Interview mit Reinfried Pohl, Vorstandsvorsitzender DVAG

FINANZWELT: Sie haben ein sehr erfolgreiches Jahr 2004 hinter sich gebracht. Wie stark wurde dieses geprägt durch das Thema „Letztmalig Steuern sparen bei Lebensversicherungen”?
Dr. Pohl: Auch bei uns wurde das Jahr 2004 nicht unwesentlich durch die neue steuerliche Behandlung der Lebensversicherung bestimmt, allerdings bei weitem nicht so stark wie...

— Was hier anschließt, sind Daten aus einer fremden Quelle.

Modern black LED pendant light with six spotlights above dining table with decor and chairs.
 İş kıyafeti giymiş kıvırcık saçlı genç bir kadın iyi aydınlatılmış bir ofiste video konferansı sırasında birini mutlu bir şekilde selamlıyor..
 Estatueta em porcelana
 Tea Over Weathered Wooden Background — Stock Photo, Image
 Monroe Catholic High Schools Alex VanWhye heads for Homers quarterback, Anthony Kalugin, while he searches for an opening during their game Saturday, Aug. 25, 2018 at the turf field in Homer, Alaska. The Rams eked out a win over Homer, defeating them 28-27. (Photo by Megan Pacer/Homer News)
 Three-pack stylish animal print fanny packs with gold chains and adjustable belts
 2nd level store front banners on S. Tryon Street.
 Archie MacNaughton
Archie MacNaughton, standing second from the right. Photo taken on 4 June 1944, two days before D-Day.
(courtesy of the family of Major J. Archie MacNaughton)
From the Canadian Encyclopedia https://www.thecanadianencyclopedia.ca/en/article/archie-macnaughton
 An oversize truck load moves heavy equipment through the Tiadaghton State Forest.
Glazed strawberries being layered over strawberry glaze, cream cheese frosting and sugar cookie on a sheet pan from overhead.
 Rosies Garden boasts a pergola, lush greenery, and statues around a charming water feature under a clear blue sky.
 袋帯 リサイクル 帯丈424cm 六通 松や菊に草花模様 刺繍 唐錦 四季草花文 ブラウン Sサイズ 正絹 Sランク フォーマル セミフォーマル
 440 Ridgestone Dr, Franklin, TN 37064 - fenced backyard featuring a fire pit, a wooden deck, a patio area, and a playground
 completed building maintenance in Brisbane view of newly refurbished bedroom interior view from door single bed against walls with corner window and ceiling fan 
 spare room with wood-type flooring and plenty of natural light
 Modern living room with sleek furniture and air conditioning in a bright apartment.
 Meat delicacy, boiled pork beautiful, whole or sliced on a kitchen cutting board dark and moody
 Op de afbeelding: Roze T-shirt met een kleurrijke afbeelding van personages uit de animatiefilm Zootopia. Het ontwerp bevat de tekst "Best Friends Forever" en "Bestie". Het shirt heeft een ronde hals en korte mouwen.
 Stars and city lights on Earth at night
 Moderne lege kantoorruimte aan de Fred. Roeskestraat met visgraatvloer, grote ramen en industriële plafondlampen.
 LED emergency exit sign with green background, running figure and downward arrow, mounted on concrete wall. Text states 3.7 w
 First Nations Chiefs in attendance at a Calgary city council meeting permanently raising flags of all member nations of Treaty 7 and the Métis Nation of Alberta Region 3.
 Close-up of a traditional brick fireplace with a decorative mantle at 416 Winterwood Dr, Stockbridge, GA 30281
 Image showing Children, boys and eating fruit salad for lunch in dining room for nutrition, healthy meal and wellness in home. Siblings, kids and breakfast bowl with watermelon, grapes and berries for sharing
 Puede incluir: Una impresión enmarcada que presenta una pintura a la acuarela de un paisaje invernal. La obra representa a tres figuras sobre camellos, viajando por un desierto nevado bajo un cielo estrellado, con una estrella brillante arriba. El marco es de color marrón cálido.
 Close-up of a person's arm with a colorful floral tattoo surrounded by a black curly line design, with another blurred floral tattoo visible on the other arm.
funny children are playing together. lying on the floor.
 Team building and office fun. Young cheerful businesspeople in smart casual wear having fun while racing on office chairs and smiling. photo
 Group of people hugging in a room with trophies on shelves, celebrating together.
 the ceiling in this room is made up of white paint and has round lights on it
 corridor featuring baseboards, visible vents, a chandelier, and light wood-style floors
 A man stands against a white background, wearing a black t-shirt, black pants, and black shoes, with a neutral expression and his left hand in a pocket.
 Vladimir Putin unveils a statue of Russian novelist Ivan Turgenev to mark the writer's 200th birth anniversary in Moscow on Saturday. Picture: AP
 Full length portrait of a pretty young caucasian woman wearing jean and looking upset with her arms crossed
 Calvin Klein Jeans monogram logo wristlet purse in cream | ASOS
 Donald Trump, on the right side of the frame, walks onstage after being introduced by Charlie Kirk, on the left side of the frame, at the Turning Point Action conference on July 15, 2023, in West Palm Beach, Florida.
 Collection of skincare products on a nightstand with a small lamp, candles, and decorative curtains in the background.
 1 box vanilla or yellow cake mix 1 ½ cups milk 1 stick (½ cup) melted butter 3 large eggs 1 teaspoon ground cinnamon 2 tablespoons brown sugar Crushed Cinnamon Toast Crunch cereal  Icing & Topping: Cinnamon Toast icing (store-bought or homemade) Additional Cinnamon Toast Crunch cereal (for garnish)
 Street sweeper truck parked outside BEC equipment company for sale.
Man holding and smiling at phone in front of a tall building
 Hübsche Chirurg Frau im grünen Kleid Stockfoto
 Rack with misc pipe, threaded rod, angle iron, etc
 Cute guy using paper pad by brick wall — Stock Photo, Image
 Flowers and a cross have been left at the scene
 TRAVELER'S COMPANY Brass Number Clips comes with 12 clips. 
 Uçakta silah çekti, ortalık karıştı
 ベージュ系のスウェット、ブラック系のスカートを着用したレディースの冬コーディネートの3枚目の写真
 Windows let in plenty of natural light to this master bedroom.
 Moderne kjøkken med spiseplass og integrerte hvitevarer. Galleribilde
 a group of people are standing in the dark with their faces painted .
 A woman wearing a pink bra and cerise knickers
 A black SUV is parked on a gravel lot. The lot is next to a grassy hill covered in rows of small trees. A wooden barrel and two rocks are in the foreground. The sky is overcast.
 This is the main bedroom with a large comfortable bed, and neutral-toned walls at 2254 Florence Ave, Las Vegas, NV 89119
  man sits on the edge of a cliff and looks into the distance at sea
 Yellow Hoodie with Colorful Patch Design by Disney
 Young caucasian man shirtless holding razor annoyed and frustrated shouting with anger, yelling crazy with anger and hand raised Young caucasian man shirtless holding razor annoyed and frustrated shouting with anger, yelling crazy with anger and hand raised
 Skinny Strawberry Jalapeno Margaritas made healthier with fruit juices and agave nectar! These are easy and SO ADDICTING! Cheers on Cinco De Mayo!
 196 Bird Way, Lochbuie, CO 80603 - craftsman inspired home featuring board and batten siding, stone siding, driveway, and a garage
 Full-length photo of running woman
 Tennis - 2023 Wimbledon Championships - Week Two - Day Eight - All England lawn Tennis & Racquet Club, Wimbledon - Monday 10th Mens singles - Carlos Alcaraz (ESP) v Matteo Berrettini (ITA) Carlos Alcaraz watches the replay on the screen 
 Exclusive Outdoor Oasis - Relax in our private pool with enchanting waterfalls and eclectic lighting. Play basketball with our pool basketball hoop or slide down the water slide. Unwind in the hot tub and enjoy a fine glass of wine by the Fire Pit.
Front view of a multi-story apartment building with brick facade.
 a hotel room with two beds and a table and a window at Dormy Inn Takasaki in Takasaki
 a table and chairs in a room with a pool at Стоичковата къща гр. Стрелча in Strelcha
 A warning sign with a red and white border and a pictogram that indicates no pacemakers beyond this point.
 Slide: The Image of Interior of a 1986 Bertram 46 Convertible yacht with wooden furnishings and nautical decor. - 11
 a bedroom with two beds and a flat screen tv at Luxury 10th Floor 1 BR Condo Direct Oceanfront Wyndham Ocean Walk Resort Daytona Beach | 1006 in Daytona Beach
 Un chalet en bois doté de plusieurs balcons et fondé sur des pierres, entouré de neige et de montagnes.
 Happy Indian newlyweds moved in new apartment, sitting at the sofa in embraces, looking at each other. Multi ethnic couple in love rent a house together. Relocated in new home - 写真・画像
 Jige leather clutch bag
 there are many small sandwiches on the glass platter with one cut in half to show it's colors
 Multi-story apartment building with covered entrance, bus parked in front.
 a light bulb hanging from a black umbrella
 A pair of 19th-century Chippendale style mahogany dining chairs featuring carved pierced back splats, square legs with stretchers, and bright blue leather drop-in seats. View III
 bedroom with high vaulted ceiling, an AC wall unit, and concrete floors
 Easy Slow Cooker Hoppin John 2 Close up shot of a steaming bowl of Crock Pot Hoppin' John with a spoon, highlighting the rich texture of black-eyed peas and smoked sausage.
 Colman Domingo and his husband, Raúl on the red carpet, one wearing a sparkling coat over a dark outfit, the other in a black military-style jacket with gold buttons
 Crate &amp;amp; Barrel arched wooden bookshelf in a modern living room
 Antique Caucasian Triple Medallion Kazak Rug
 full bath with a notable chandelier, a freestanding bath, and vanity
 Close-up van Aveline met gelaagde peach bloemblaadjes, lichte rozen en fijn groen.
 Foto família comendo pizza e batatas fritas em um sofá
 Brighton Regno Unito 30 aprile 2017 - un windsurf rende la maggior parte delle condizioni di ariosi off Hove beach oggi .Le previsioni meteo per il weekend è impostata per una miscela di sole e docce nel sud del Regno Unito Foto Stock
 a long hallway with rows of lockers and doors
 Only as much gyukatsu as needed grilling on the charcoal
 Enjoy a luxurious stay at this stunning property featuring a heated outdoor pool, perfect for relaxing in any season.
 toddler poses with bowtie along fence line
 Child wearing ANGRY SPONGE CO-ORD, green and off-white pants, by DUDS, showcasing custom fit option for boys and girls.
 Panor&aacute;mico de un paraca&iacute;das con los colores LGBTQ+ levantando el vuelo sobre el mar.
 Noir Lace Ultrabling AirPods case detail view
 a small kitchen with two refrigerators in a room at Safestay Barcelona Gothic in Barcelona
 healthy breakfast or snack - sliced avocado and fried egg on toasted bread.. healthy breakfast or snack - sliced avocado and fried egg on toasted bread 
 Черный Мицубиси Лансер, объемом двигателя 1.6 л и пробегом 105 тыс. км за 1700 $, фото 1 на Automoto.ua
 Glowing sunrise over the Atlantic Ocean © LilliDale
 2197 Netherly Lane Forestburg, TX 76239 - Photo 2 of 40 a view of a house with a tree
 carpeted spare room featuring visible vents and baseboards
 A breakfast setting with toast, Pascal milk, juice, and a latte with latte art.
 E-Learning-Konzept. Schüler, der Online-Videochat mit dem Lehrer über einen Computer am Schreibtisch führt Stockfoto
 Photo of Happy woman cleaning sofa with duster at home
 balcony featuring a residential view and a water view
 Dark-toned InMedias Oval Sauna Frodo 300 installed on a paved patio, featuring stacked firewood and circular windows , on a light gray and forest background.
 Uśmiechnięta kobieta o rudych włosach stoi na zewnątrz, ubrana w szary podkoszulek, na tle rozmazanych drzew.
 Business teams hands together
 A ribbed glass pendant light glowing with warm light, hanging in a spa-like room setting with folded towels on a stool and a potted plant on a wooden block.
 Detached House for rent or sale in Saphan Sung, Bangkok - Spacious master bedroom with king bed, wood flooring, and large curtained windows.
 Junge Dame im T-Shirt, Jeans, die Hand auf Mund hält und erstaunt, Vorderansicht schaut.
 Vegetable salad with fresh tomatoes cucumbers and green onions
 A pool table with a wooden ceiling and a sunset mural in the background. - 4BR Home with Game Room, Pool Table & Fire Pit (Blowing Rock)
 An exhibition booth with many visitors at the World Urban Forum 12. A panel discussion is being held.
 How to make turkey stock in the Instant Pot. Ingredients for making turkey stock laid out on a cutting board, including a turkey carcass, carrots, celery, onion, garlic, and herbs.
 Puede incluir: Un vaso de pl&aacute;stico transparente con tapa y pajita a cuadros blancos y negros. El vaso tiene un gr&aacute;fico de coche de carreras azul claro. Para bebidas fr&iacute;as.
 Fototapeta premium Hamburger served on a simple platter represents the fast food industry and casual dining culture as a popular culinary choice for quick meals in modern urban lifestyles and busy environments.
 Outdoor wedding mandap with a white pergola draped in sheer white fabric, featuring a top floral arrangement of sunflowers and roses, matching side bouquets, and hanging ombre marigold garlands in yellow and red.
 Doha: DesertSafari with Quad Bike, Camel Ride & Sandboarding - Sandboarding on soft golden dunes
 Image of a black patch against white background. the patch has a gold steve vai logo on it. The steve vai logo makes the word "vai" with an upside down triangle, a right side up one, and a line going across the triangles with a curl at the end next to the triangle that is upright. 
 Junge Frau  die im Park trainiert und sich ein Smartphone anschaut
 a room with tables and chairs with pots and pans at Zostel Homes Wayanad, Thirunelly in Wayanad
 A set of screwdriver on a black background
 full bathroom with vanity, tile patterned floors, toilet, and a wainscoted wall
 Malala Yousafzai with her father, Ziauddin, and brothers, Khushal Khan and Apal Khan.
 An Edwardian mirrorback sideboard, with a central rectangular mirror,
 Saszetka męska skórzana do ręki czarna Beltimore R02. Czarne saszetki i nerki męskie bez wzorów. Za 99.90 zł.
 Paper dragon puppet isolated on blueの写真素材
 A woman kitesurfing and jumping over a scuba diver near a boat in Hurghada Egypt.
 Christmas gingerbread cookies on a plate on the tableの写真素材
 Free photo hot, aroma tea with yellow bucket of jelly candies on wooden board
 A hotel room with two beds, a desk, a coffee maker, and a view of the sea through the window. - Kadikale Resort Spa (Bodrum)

bei anderen. Unsere Rekordzahlen sind vielmehr Ausdruck der systematischen Überlegenheit der von mir entwickelten Allfinanzkonzeption gegenüber allen anderen Vertriebsformen für Finanzprodukte. Zudem hat der hohe Beratungsbedarf der Bevölkerung im Hinblick auf das Alterseinkünftegesetz zusätzliches Geschäft gebracht. Davon konnten wir sowohl im Lebensversicherungsbereich als auch in anderen Sparten unseres Allfinanzangebotes profitieren.

FINANZWELT: Sie kritisieren den GDV bzw. einige Anbieter, das Thema „Letztmalig Steuern sparen bei Lebensversicherungen” werblich noch verstärkt zu haben. Warum?

Dr. Pohl: Weil sie damit dem Produkt Lebensversicherung, zumindest temporär, geschadet haben. Sehen Sie, Ende Dezember wurde doch geradezu eine Goldgräberstimmung verbreitet, so als gäbe es nach dem 31. Dezember 2004 keine Lebensversicherungen mehr oder als seien sie danach durchweg unattraktiv. Dabei ist das Gegenteil der Fall: Die Lebensversicherung ist nach wie vor ein elementarer Baustein für die private Altersvorsorge.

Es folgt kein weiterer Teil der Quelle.